Task
Each line from the first down to the one containing "hand dipping a" should be returned exactly as it appears below.
[Opening Raw data section]
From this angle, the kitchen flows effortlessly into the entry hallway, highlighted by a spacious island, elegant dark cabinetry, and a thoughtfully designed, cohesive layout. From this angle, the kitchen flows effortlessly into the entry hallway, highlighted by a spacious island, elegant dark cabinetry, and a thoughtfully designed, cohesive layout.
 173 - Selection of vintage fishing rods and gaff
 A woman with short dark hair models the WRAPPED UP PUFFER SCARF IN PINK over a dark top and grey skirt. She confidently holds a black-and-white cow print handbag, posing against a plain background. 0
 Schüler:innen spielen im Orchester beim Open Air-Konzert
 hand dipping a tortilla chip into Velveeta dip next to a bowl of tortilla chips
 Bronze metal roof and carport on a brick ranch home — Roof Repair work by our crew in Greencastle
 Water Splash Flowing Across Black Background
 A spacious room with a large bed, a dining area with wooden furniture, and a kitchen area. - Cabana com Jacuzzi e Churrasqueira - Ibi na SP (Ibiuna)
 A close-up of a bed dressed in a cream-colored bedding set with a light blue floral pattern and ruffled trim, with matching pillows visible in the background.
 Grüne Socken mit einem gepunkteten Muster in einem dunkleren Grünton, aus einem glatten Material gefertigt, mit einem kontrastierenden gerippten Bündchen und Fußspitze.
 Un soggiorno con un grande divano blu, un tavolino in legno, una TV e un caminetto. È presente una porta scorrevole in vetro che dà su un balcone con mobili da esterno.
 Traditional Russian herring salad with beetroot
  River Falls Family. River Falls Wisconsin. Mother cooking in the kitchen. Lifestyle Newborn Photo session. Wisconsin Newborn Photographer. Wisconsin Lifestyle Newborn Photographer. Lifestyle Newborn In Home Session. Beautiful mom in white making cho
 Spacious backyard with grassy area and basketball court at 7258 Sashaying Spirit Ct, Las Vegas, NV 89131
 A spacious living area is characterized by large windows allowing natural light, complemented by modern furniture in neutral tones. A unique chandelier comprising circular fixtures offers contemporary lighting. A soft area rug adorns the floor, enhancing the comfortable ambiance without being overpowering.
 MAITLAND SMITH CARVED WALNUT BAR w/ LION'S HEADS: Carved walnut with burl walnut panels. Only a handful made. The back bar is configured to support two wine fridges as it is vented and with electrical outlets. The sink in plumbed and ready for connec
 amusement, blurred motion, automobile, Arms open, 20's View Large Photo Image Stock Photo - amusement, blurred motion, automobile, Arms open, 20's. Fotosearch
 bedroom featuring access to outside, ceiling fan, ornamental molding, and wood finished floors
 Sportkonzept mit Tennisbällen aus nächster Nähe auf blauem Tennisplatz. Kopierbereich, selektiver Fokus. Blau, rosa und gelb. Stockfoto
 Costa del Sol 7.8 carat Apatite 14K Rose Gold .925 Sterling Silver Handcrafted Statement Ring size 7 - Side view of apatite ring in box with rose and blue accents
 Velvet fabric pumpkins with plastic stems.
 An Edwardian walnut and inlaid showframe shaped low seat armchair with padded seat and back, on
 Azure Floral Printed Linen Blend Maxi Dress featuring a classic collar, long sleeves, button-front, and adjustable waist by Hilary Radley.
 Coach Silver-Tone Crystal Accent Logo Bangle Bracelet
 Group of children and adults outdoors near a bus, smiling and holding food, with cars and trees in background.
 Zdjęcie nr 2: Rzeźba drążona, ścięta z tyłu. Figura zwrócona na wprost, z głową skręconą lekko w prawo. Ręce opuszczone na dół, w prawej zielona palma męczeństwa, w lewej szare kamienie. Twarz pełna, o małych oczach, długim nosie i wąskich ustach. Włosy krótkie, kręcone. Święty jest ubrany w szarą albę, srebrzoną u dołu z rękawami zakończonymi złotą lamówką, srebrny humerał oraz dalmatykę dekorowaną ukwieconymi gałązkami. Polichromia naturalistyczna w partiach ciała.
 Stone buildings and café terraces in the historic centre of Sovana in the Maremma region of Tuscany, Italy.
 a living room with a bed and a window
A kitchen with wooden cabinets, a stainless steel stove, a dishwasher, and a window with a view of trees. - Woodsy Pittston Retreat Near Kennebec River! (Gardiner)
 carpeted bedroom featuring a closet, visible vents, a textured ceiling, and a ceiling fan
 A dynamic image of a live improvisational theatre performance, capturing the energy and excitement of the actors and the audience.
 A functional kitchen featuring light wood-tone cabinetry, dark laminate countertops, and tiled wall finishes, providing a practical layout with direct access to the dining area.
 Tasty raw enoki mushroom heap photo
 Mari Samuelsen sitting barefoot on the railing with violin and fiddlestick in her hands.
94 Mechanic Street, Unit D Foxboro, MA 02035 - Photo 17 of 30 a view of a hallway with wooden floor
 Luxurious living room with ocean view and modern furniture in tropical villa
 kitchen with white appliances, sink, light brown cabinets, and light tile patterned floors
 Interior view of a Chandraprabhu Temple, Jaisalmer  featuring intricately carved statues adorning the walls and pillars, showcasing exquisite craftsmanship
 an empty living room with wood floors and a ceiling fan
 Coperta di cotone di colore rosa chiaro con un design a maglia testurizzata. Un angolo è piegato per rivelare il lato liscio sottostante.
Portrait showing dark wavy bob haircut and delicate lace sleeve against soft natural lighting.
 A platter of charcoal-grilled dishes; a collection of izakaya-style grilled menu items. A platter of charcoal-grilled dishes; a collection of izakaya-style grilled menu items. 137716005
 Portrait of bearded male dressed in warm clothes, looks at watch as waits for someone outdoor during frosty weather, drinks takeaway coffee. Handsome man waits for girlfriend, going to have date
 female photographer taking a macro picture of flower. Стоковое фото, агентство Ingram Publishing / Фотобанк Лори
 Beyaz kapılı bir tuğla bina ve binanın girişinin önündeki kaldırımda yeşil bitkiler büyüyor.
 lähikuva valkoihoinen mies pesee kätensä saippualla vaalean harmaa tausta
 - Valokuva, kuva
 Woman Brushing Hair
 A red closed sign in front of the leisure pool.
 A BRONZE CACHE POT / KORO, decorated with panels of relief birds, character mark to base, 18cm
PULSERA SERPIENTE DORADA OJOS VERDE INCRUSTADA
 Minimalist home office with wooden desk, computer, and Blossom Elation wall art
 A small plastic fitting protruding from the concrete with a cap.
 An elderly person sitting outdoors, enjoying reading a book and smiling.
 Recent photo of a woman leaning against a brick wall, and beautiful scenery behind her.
[Closing Raw data section]
Your response
From this angle, the kitchen flows effortlessly into the entry hallway, highlighted by a spacious island, elegant dark cabinetry, and a thoughtfully designed, cohesive layout. From this angle, the kitchen flows effortlessly into the entry hallway, highlighted by a spacious island, elegant dark cabinetry, and a thoughtfully designed, cohesive layout.
 173 - Selection of vintage fishing rods and gaff
 A woman with short dark hair models the WRAPPED UP PUFFER SCARF IN PINK over a dark top and grey skirt. She confidently holds a black-and-white cow print handbag, posing against a plain background. 0
 Schüler:innen spielen im Orchester beim Open Air-Konzert
 hand dipping a tortilla chip into Velveeta dip next to a bowl of tortilla chips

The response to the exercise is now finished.